Look below for the line that has "Men's Tall Silk"; output exactly from it through the line that has "Road Runner Express", and leave the pictures out.
━━━━━ GIVEN RECORDS ━━━━━
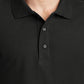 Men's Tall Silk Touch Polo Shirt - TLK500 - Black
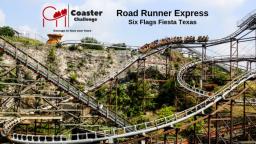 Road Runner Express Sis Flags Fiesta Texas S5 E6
━━━━━
━━━━━ GIVEN RECORDS ━━━━━
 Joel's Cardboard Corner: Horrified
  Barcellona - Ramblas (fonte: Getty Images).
━━━━━
WRITTEN RESPONSE |
 Men's Tall Silk Touch Polo Shirt - TLK500 - Black
 Road Runner Express Sis Flags Fiesta Texas S5 E6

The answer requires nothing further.